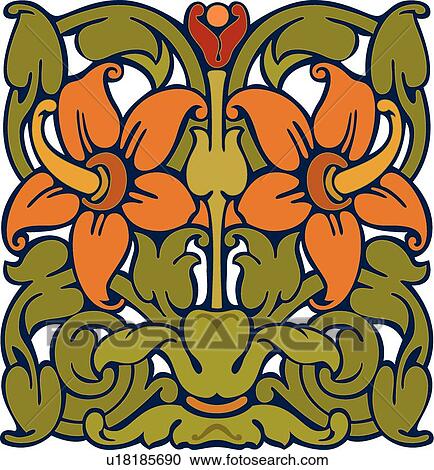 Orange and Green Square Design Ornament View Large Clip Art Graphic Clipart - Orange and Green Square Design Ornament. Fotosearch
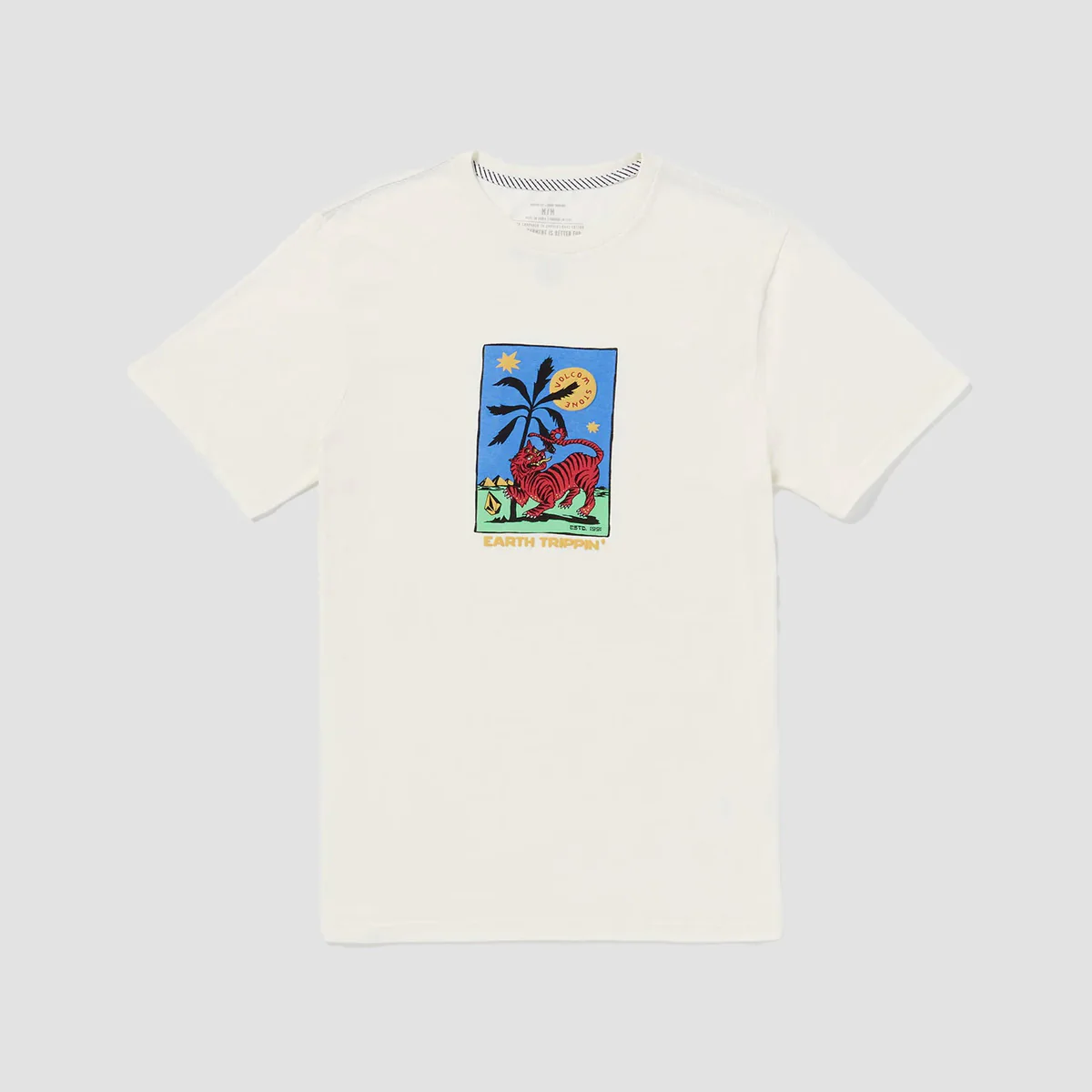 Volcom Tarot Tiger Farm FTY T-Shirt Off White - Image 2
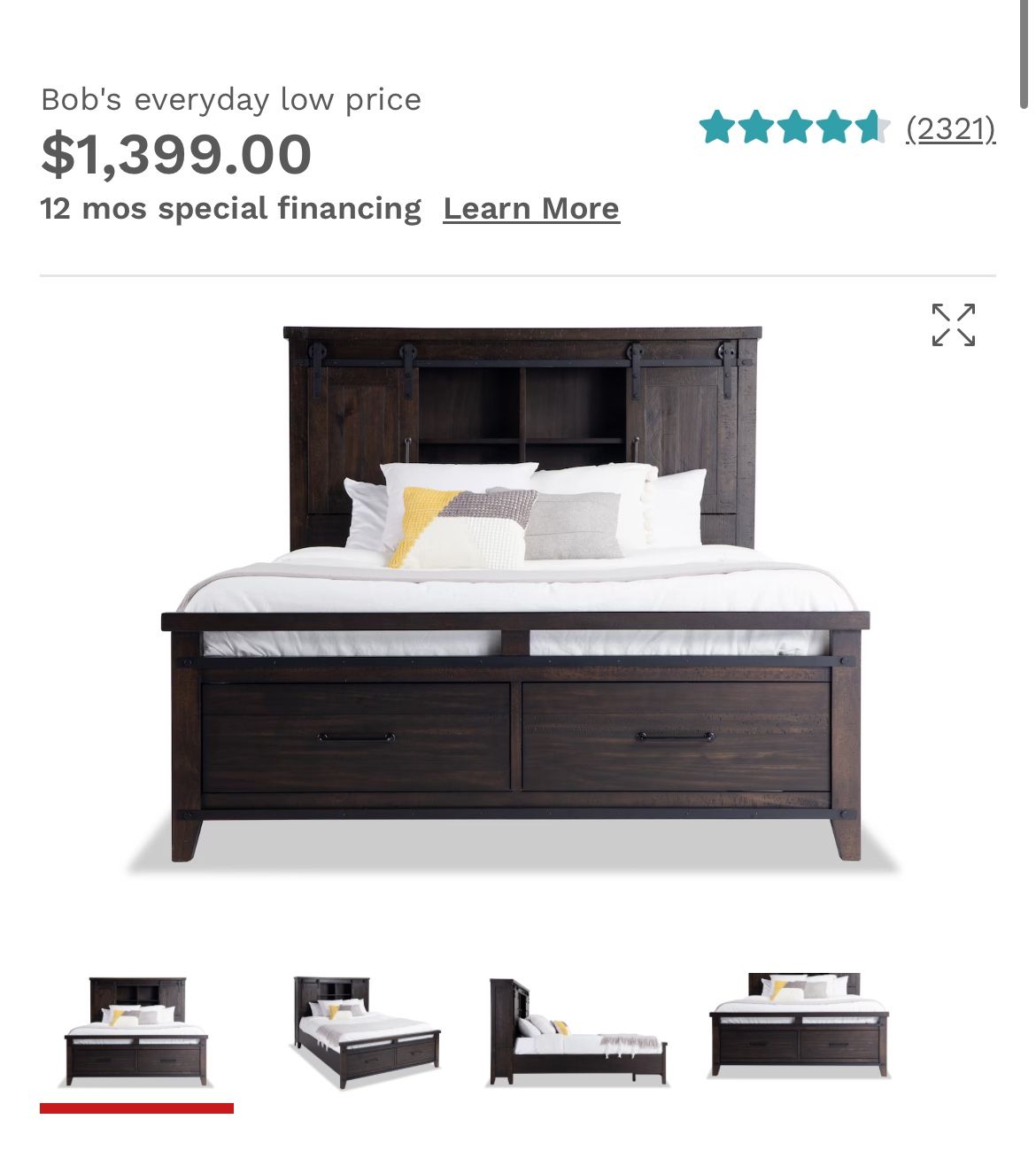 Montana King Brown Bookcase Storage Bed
━━━━━━━━━━━━━━━━━━━━━━━━━━━━━━
Please write out the lines above exactly, from the one that contains "Volcom Tarot Tiger" through the final line, and include none of the pictures.

* Exercise response:
 Volcom Tarot Tiger Farm FTY T-Shirt Off White - Image 2
 Montana King Brown Bookcase Storage Bed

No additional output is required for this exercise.